After a daylong standoff, Democrats set aside divisions between progressives and centrists to pass a $1 trillion package of highway, broadband and other infrastructure improvement, sending it on to President Joe Biden to sign into law.
The 228-206 vote late Friday is a substantial triumph for Biden’s Democrats, who have bickered for months over the ambitious spending bills that make up the bulk of his domestic agenda.
Biden’s administration will now oversee the biggest upgrade of America’s roads, railways and other transportation infrastructure in a generation, which he has promised will create jobs and boost U.S. competitiveness.

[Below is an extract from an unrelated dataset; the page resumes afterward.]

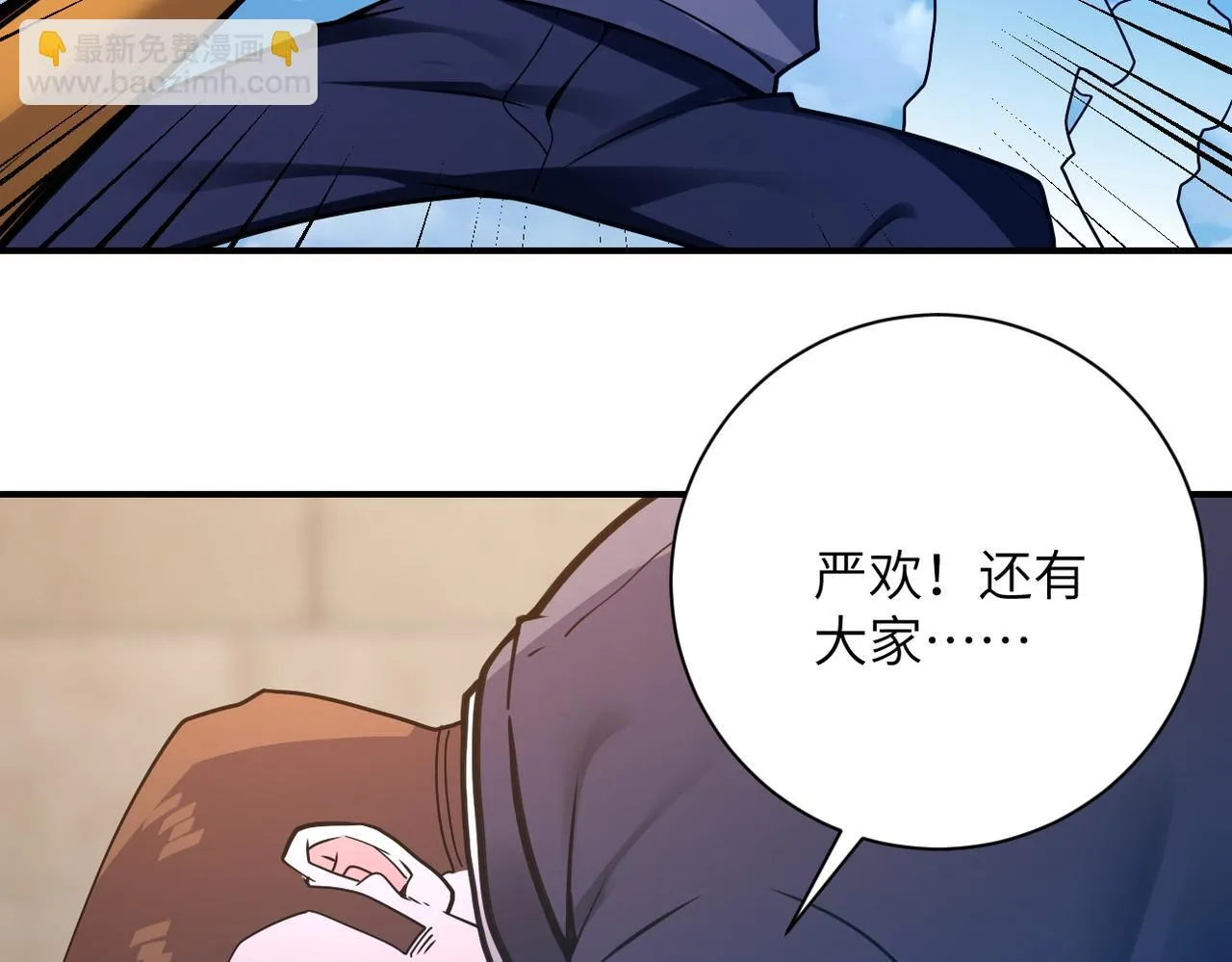 第356话 誓言 第82页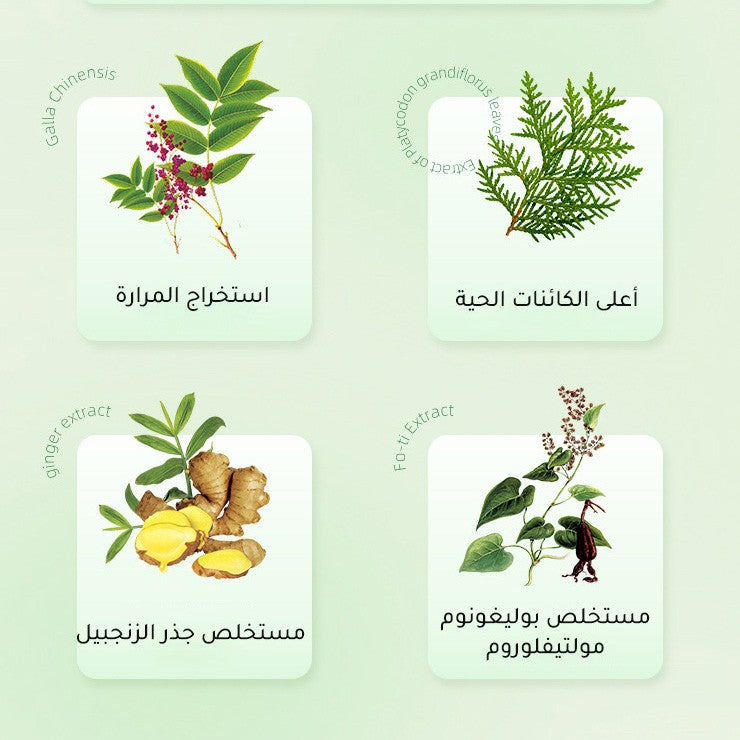 2025 Hair dye that can cover gray hair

Democrats still have much work to do on the second pillar of Biden’s domestic program: a sweeping expansion of the social safety net and programs to fight climate change. At a price tag of $1.75 trillion, that package would be the biggest expansion of the U.S. safety net since the 1960s, but the party has struggled to unite behind it.
Democratic leaders had hoped to pass both bills out of the House on Friday, but postponed action after centrists demanded a nonpartisan accounting of its costs – a process that could take weeks.
After hours of closed-door meetings, a group of centrists promised to vote for the bill by Nov. 20 – as long as the nonpartisan Congressional Budget Office found that its costs lined up with White House estimates.
“Welcome to my world. This is the Democratic Party,” House Speaker Nancy Pelosi told reporters earlier in the day. “We are not a lockstep party.”
The $1.75 trillion bill cleared a procedural hurdle by a vote of 221-213 early Saturday, which will enable Democratic leaders to quickly schedule a final vote when the time comes.
The standoff came just days after Democrats suffered losses in closely watched state elections, raising concerns that they may lose control of Congress next year.
The infrastructure bill passed with the support of 13 Republicans, fulfilling Biden’s promise of passing some bipartisan legislation. The phrase “infrastructure week” had become a Washington punchline during his predecessor Donald Trump’s four years in the White House, when plans to focus on those investments were repeatedly derailed by scandals.
“Generations from now, people will look back and know this is when America won the economic competition for the 21st century,” Biden said in a statement.
Aim to move forward
The party is eager to show it can move forward on the president’s agenda and fend off challenges in the 2022 midterm elections in which Republicans will seek to regain control of both chambers of Congress, which they lost to the Democrats under Trump.
Congress also faces looming Dec. 3 deadlines to avert a politically embarrassing government shutdown and an economically catastrophic default on the federal government’s debt.
With razor-thin majorities in Congress and a united Republican opposition, Democrats need unity to pass legislation.
The infrastructure bill, which passed the Senate in August with 19 Republican votes, would fund a massive upgrade of America’s roads, bridges, airports, seaports and rail systems, while also expanding broadband internet service.
The “Build Back Better” package includes provisions on child care and preschool, eldercare, healthcare, prescription drug pricing and immigration.
It would bolster the credibility of Biden’s pledge to halve U.S. greenhouse gas emissions from 2005 levels by 2030 during the U.N. climate conference taking place in Glasgow, Scotland.
Republicans uniformly oppose that legislation, casting it as a dramatic expansion of government that would hurt businesses.
“This is potentially a very black day for America,” said Republican Representative Glenn Grothman, who characterized the legislation’s child-care and preschool provisions as a “Marxist” effort to have the federal government raise children.
The nonpartisan U.S. Joint Committee on Taxation estimates the social-spending bill would raise $1.48 trillion in new tax revenue over the next decade, short of its $1.75 trillion cost.
Pelosi and other top Democrats have said that fails to account for increased tax enforcement and savings from lower prescription drug prices.